Provided entries Start Marker

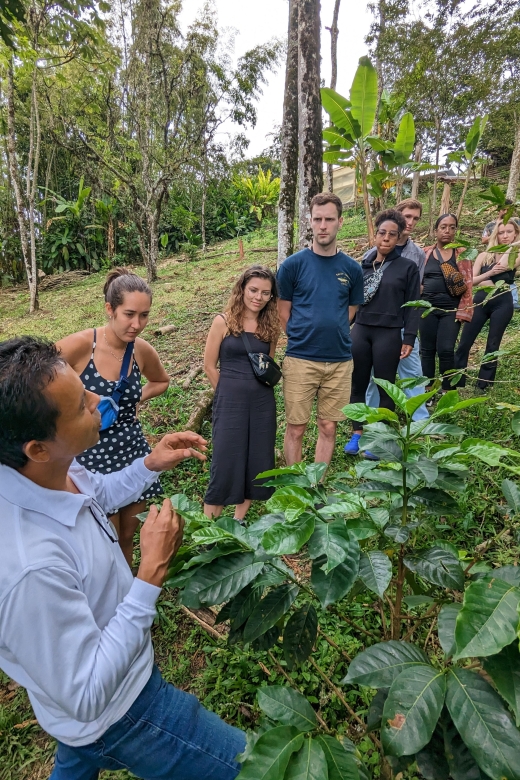 Medellin to Fredonia for a Coffee Day Tour - Recap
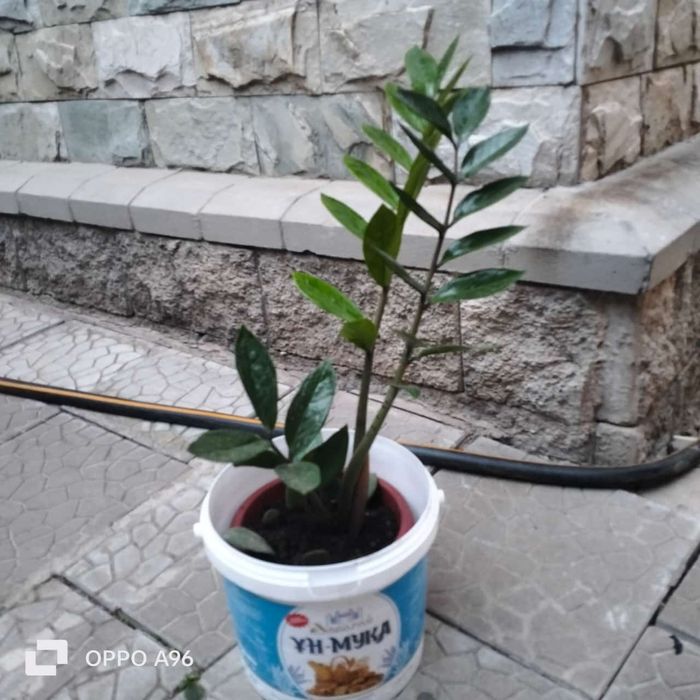 Цветы комнатные разные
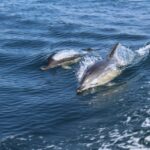 1 from lagos dolphin watching boat trip From Lagos: Dolphin Watching Boat Trip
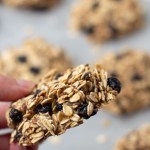 one oatmeal cookie being held to show shape and texture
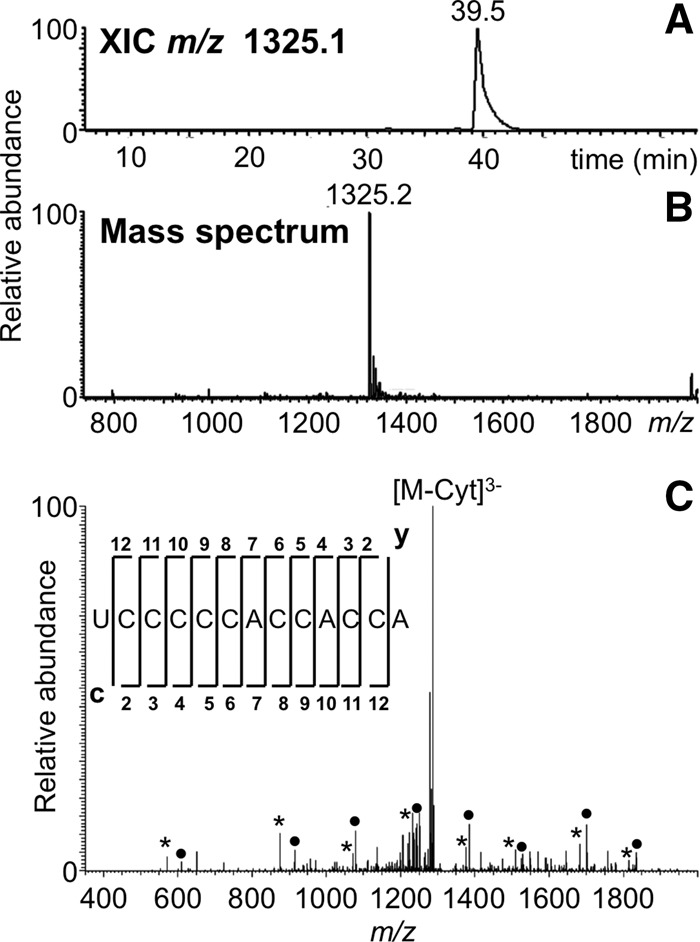 FIGURE 4.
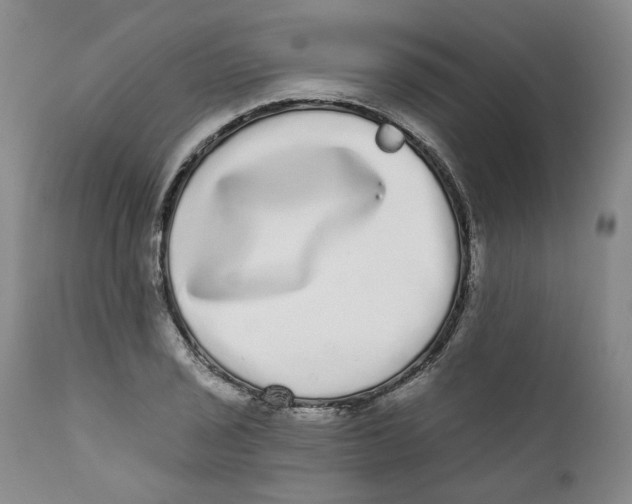 X0000112361029200909101251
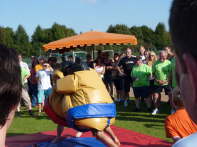 15 Sumo Ringen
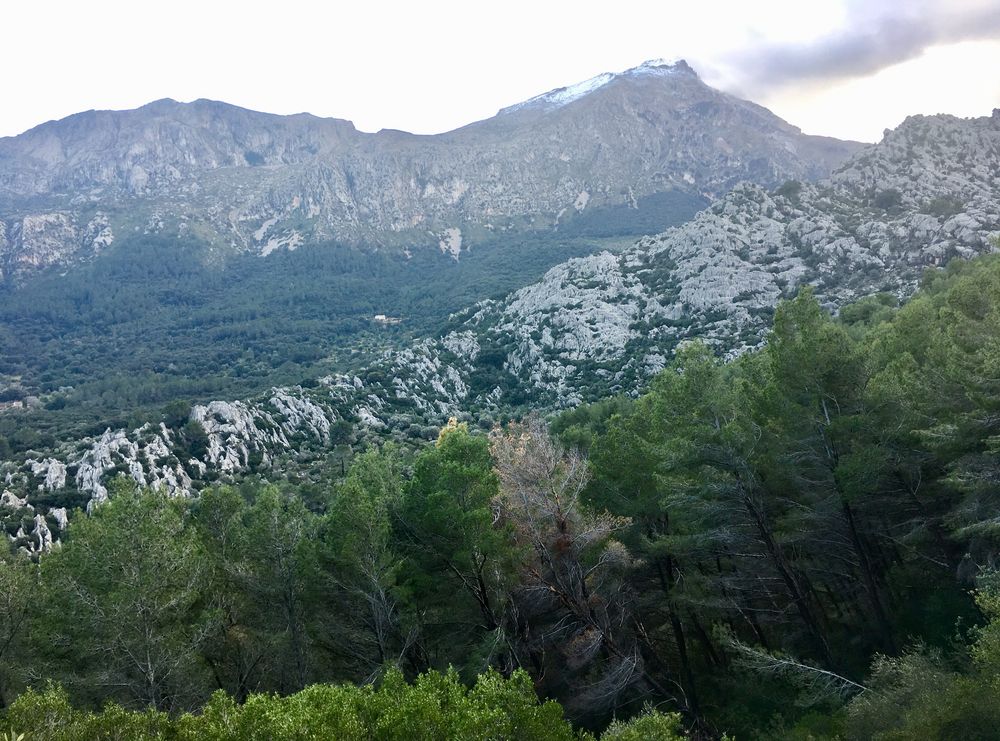 die Ausläufer der Tramuntana vor Pollença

Provided entries End Marker

A faithful, word-for-word copy of the records above, pictures left out, is the answer.

**The completed task:**
 Medellin to Fredonia for a Coffee Day Tour - Recap
 Цветы комнатные разные
 1 from lagos dolphin watching boat trip From Lagos: Dolphin Watching Boat Trip
 one oatmeal cookie being held to show shape and texture
 FIGURE 4.
 X0000112361029200909101251
 15 Sumo Ringen
 die Ausläufer der Tramuntana vor Pollença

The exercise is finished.